• Directions for this task: Leave the pictures out. Retype exactly the lines below from the one containing "25-26 Sporting Lisbon home soccer jersey" through the one containing "Introduction to Information Systems", and no others.

• Input for this task:
───

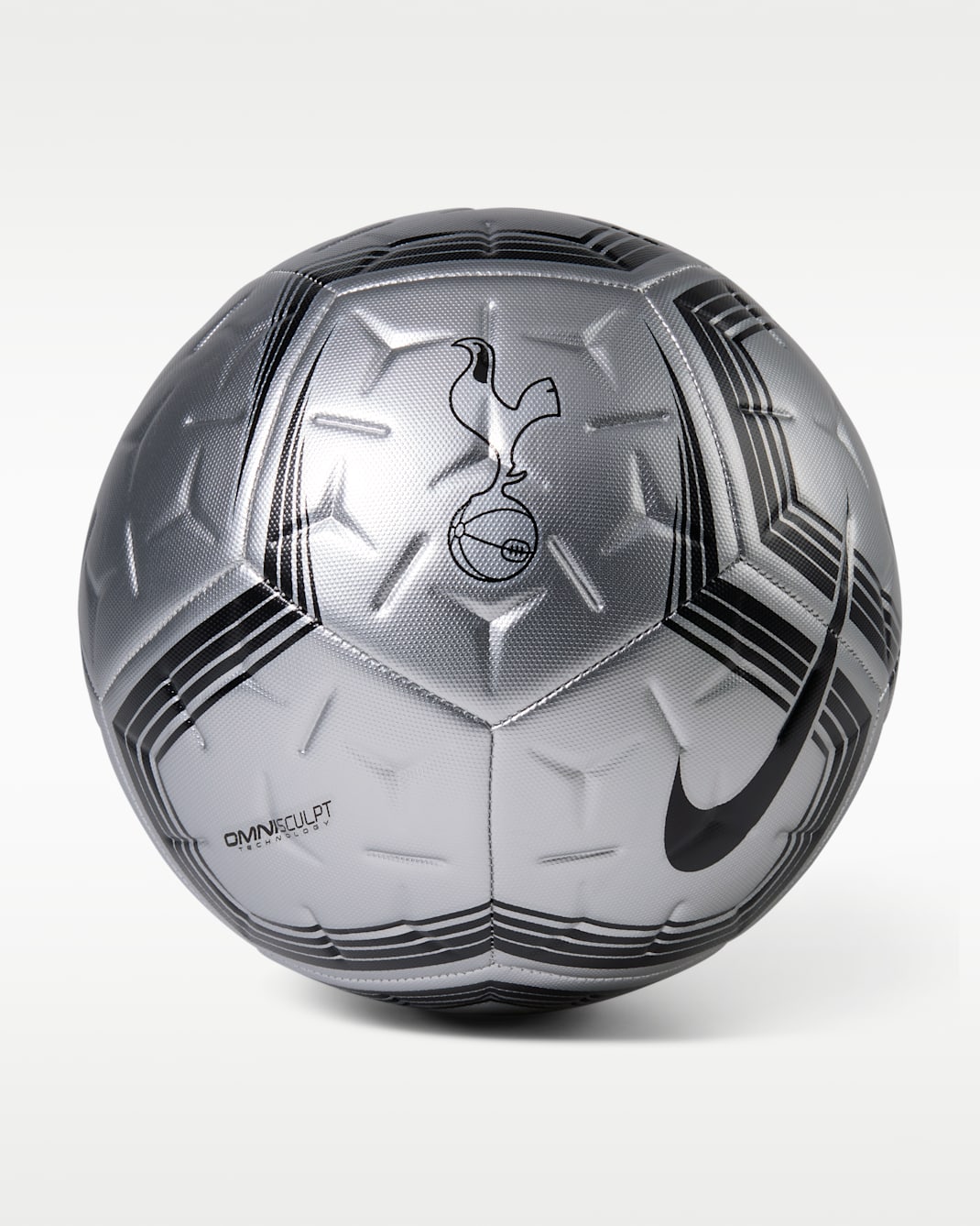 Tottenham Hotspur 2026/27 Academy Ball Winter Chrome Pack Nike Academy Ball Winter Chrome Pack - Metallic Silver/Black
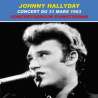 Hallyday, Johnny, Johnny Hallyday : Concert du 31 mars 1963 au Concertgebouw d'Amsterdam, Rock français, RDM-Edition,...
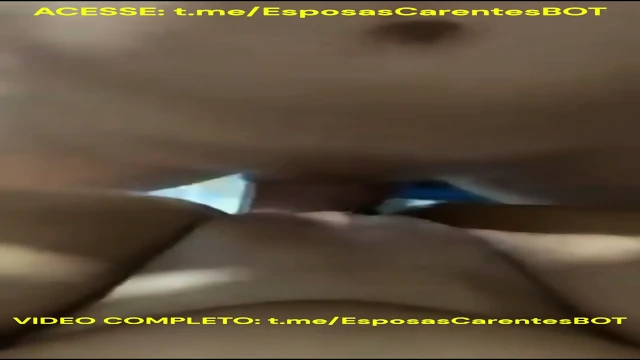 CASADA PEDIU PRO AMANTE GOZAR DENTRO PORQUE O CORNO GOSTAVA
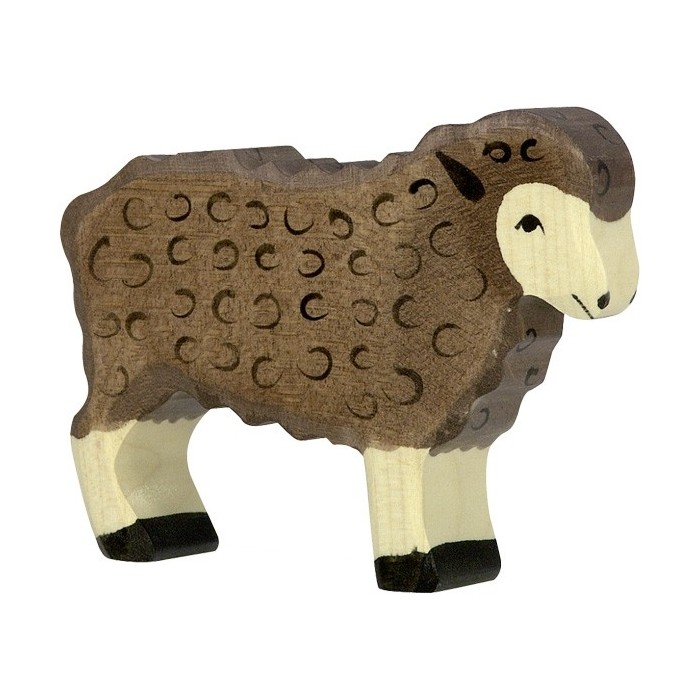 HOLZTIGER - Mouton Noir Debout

───

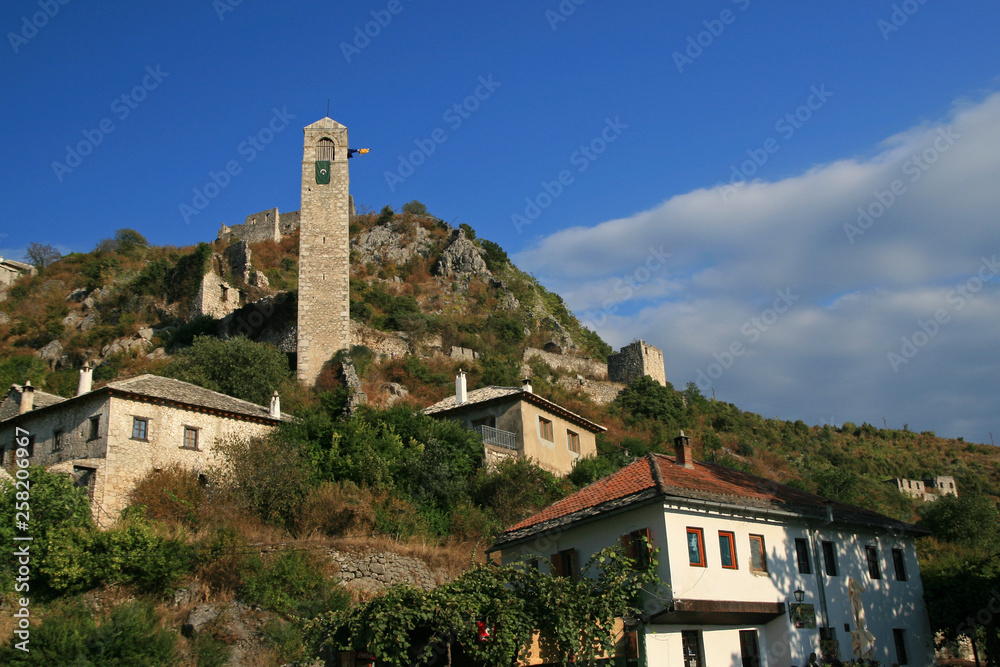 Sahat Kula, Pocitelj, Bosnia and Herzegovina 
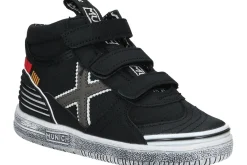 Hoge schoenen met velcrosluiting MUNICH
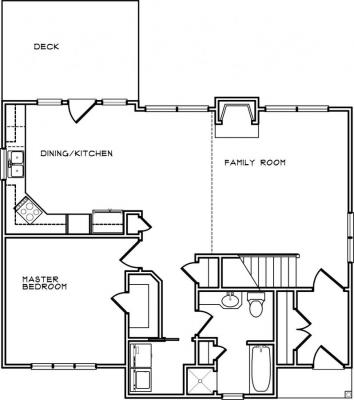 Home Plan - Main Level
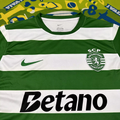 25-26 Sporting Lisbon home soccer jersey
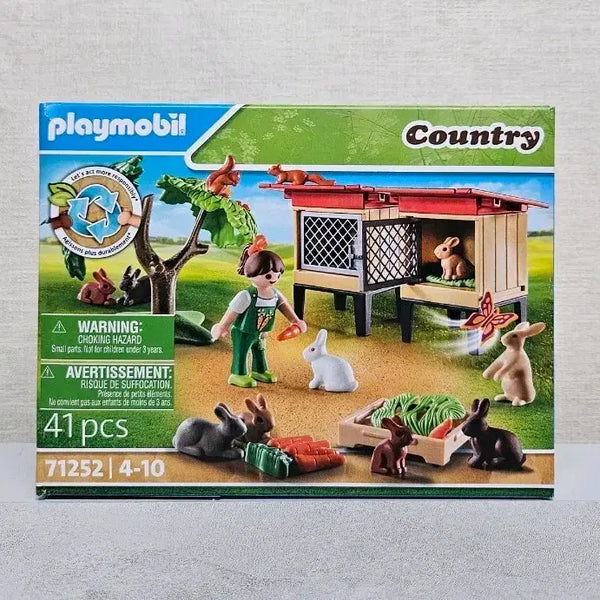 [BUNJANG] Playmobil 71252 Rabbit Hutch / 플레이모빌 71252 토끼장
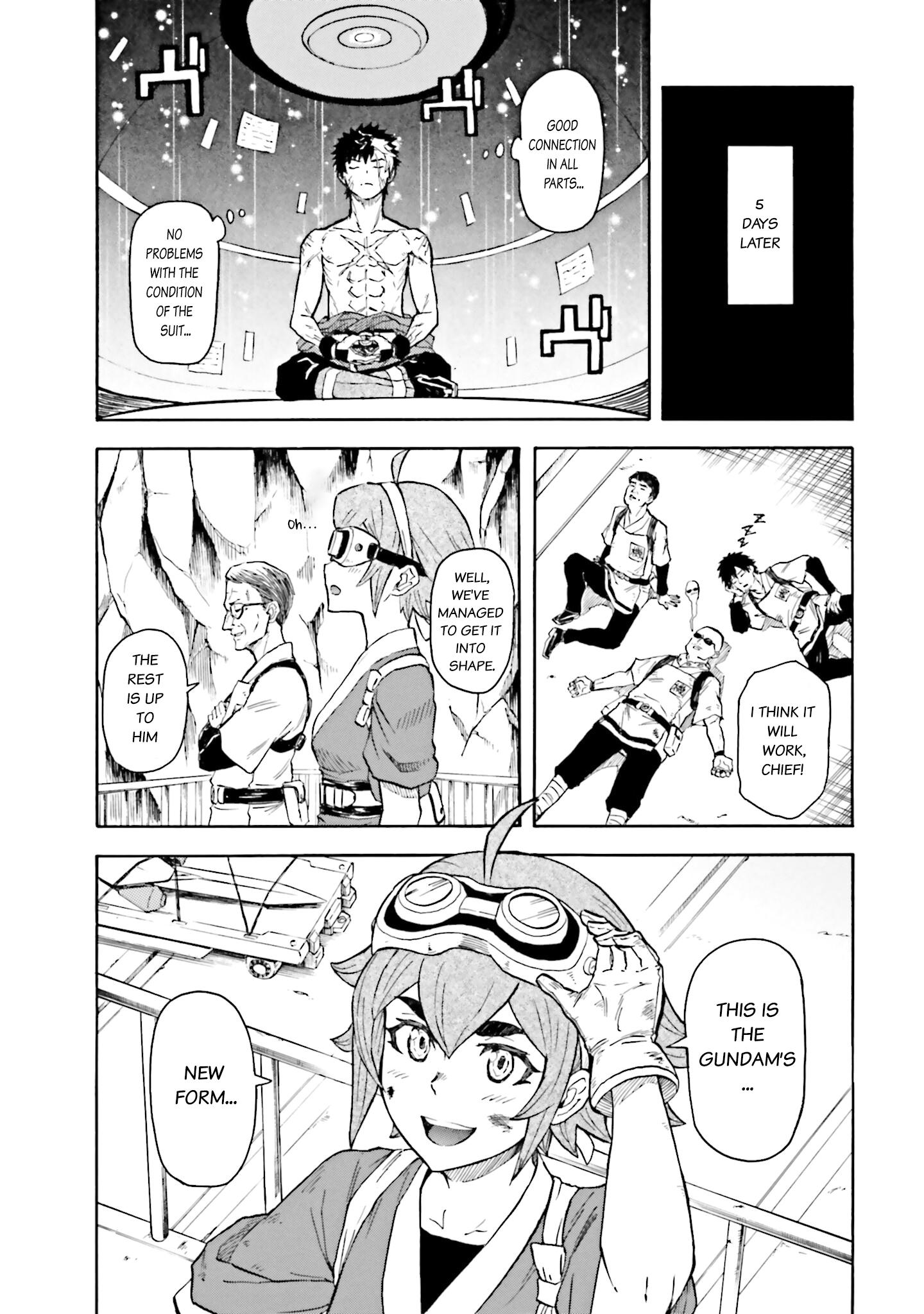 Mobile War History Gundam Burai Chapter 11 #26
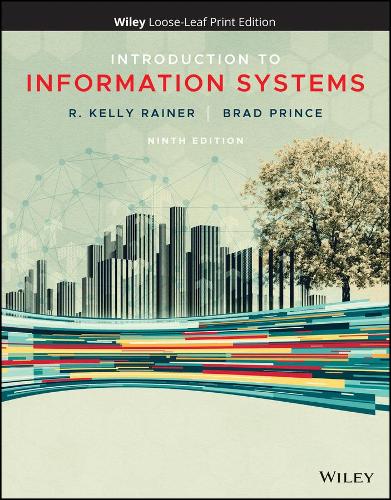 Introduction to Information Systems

───

• Result below:
 25-26 Sporting Lisbon home soccer jersey
 [BUNJANG] Playmobil 71252 Rabbit Hutch / 플레이모빌 71252 토끼장
 Mobile War History Gundam Burai Chapter 11 #26
 Introduction to Information Systems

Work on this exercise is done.